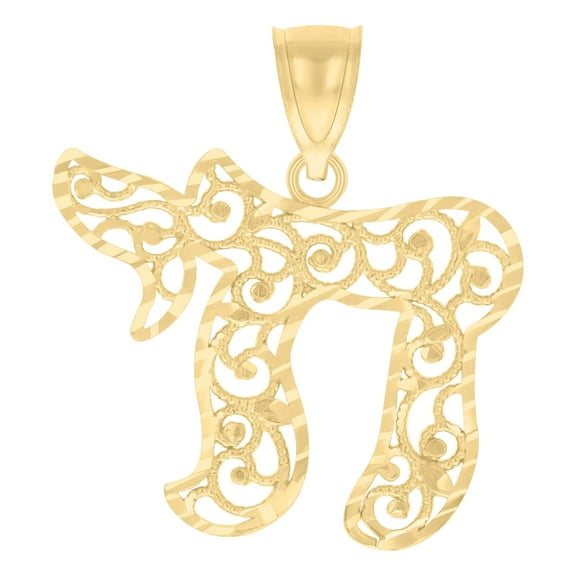 10kt Real Yellow Gold Womens Chai Symbol Charm Pendant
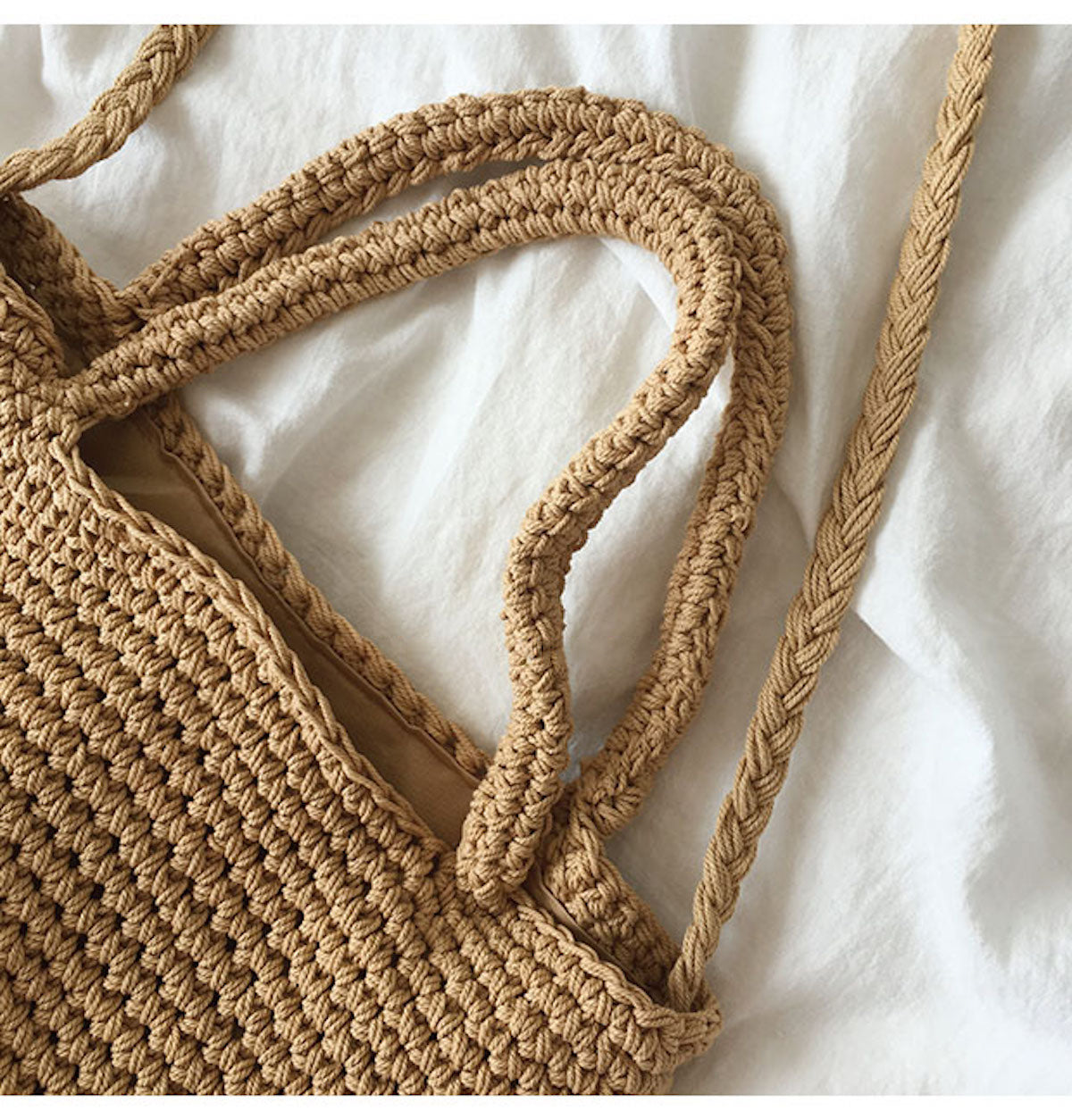 Large Crochet Cotton Bucket Bag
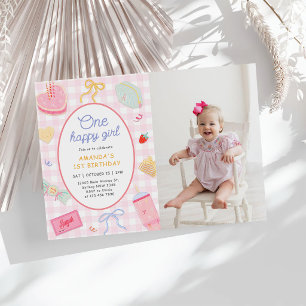 One Happy Girl Hand Drawn Birthday Party Photo Invitation
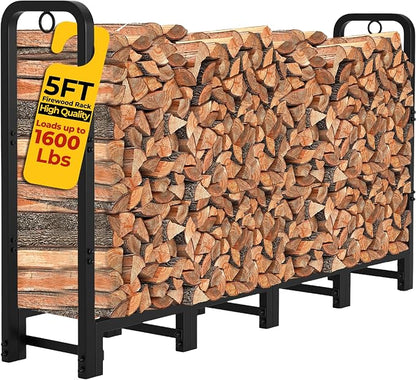 Amagabeli 5ft Firewood Log Rack Outdoor Heavy Duty Logs Holder by AMAGABELI+GARDEN+%26+HOME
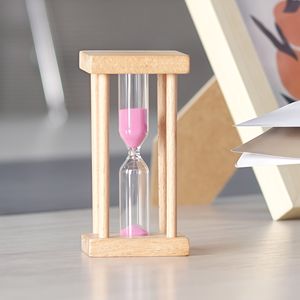 Minuteur sablier personnalisé en bois, portable, 1/3/5 minutes, style Art Déco moderne, fait main, pour mariage, bureau, cadeau d'affaires, sablier à thé - Product Image 6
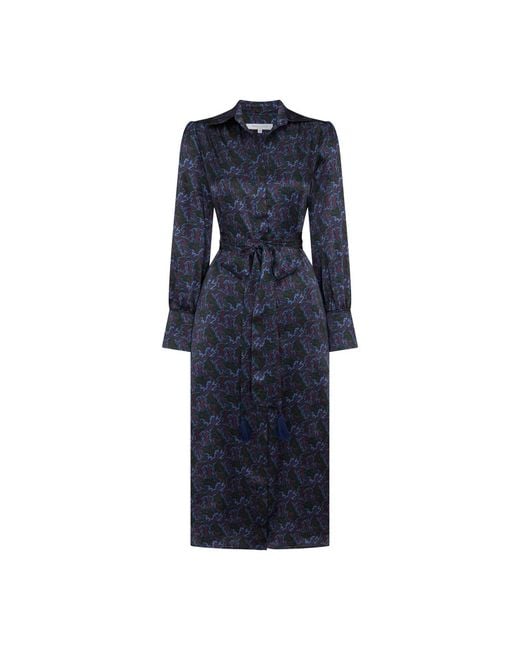 Really Wild Clothing Blue Birch Print Silk Shirt Dress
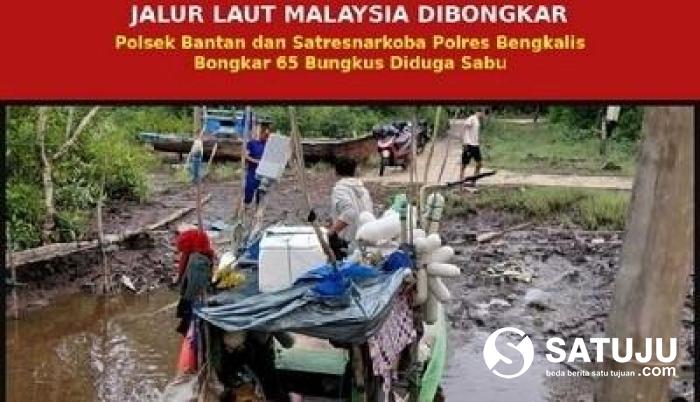 Polsek Bantan-Satresnarkoba Polres Bengkalis Bongkar Jalur Sabu Malaysia, 65 Bungkus Disita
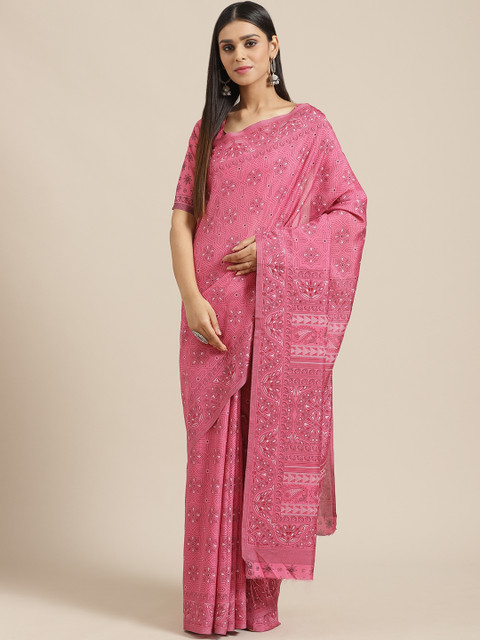 

Saree mall Pink & Black Printed Saree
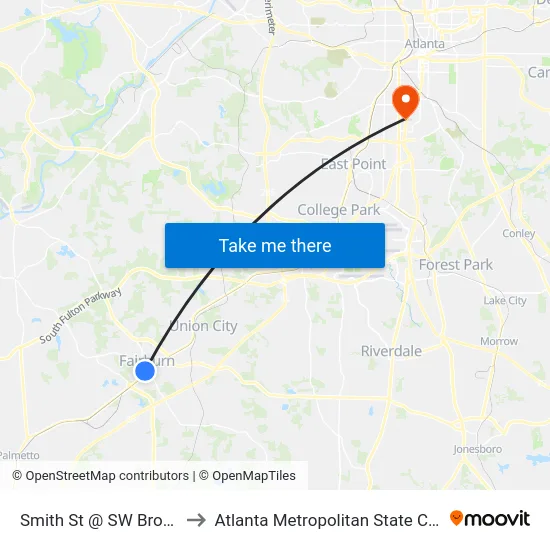 Smith St @ SW Broad St to Atlanta Metropolitan State College map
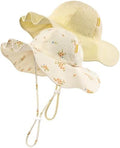 HONGTEYA Baby Sun Hat Muslin Wide Brim Toddler Girl Beach Bucket Hat by HONGTEYA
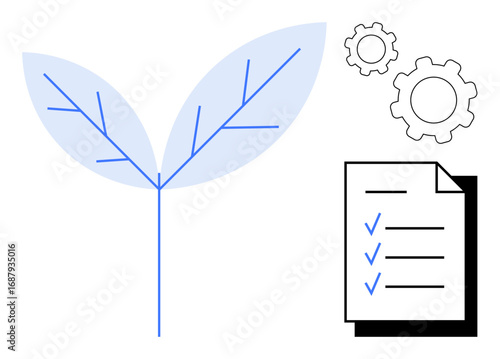 Blue leaf plant with vein details, checklist with tick marks, and two gear icons. Ideal for growth, innovation, project management, sustainability, eco-friendly solutions, workflow simple landing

----------

(WHAT NEEDS TO BE DONE):
Pictures in the records above are left out; print everything else exactly as written.

(TASK OUTPUT):
 10kt Real Yellow Gold Womens Chai Symbol Charm Pendant
 Large Crochet Cotton Bucket Bag
 One Happy Girl Hand Drawn Birthday Party Photo Invitation
 Amagabeli 5ft Firewood Log Rack Outdoor Heavy Duty Logs Holder by AMAGABELI+GARDEN+%26+HOME
 Minuteur sablier personnalisé en bois, portable, 1/3/5 minutes, style Art Déco moderne, fait main, pour mariage, bureau, cadeau d'affaires, sablier à thé - Product Image 6
 Really Wild Clothing Blue Birch Print Silk Shirt Dress
 Polsek Bantan-Satresnarkoba Polres Bengkalis Bongkar Jalur Sabu Malaysia, 65 Bungkus Disita

Saree mall Pink & Black Printed Saree
 Smith St @ SW Broad St to Atlanta Metropolitan State College map
 HONGTEYA Baby Sun Hat Muslin Wide Brim Toddler Girl Beach Bucket Hat by HONGTEYA
 Blue leaf plant with vein details, checklist with tick marks, and two gear icons. Ideal for growth, innovation, project management, sustainability, eco-friendly solutions, workflow simple landing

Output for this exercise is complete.